Multilingual Corpora in ECI/MCI

I.  Introduction

The thirteen multilingual corpora contained within ECI/MCI fall into a
small number of structural types, which in turn determine how they can
be accessed.  This document outlines the different types and how they
are structured.

II.  Parallel Sub-corpora

The corpora mul04 and mul05 consist of a number of parallel
subcorpora, each contained in a separate subdirectory (e.g. msp04),
with its own .sgm, .ent and .eci files.  The mulnn.sgm files
themselves include these sub-corpora in the same way that mci.sgm
includes the component corpora of ECI/MCI, that is, as SUBDOCs.

Mul12 is not really parallel at all, being comparable material
assembled by one site about the Danish, English and Spanish legal
systems, but it is structured in a similar way to mul04 and mul05.

III.  More or less parallel files

The corpora mul03, mul06, mul08 and mul09 consist of a number of
parallel files, one per language, all located in the same directory.
This directory and its files are structured similarly to those for a
monolingual corpus, so e.g. mul03a.eci, mul03b.eci and mul03c.eci are
the German, French and Italian versions respectively of the mul03
material.  To provide for aliasing (see below) subdirectories
(e.g. mfr03) are provided, with links to the parent directory for both
.eci and .ent files -- a seperate .sgm file is provided in each
subdirectory for access therefrom to a single language.

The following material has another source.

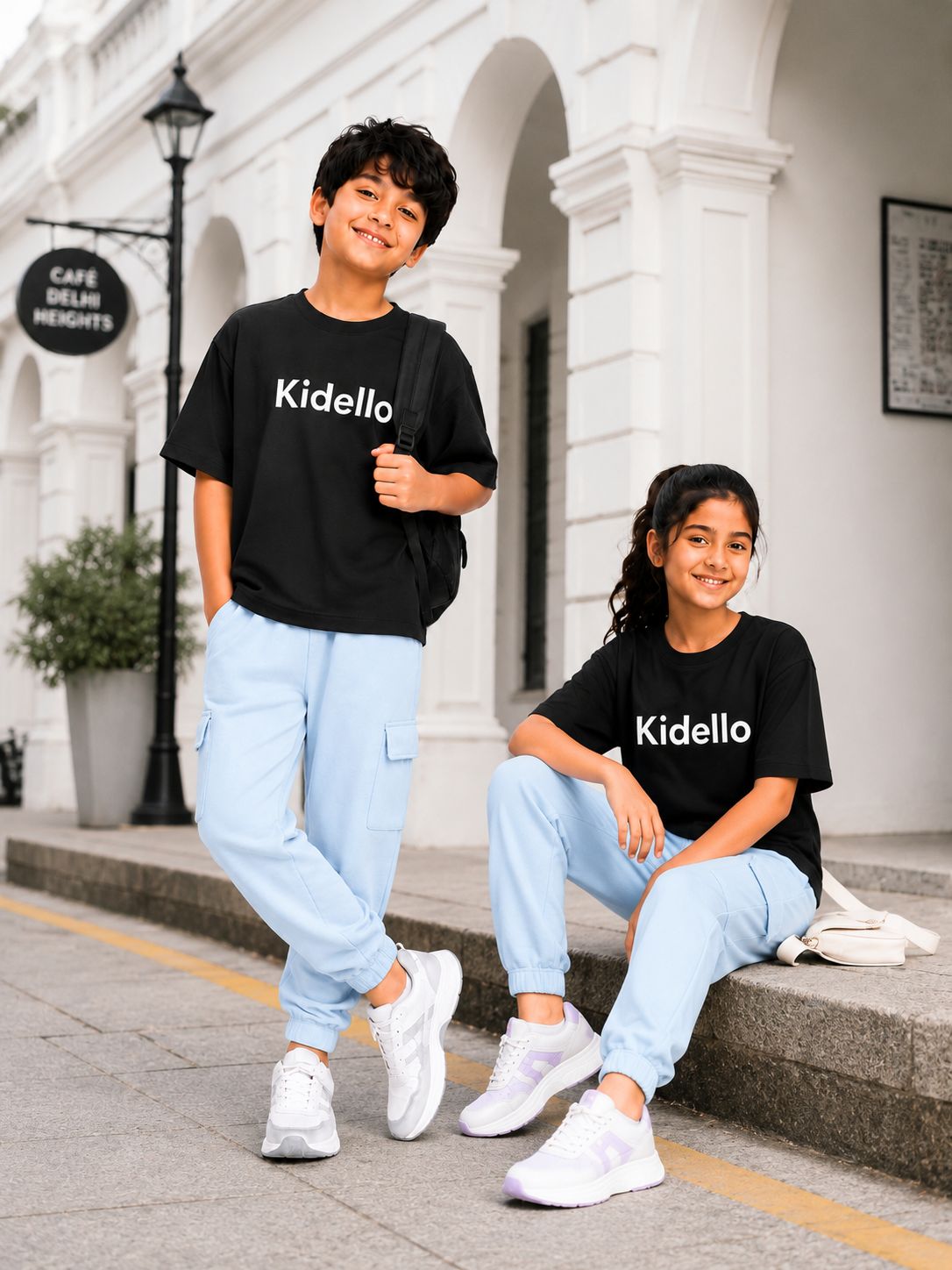 Kidello Kids Unisex Cargo Joggers | Relaxed Fit Cotton Jogger Pants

The corpora mul01 and mul02 are similar but less parallel.  They each
consist of a collection of varied material in various languages.
Mul01 is organised into subcomponents by material, with individual files
in different languages, while mul02 is organised into subcomponents by
language.  Again subdirectories with appropriate links are provided
for aliasing.

IV.  Interlinear files

The corpora mul07 and mul13 consist of files with alternating elements in
two languages.  Their structure is identical to that of ordinary
monolingual corpora.  They have no aliases, as they have no
monolingual components.

V.  Other cases

The corpora mul10 and mul11 don't fit this picture well:

  mul10:  Consists of multiple English translations of two French
          originals, so there are not an equal number of mfr10 and
          men10 .eci files.  No aliases.

  mul11:  Acquired so late no SGML markup done.  No aliases.

VI.  Aliases

When a multilingual corpus has separable monolingual components, these
are independently linked into the appropriate eci[1-4] data directory,
with corpus names composed of the appropriate language code and a code
number which is formed by adding 10 to the corpus code number of the
parent multilingual corpus.  For example, fre13 is the name of the
French component of mul03, and is linked to the appropriate
subdirectory, i.e. mul03/mfr03.

The point of all this is that e.g. eci1/fre*/*.eci is a pattern which
will pick all and only the type 1 French .eci files, whether
monolingual in origin or components of multilingual corpora.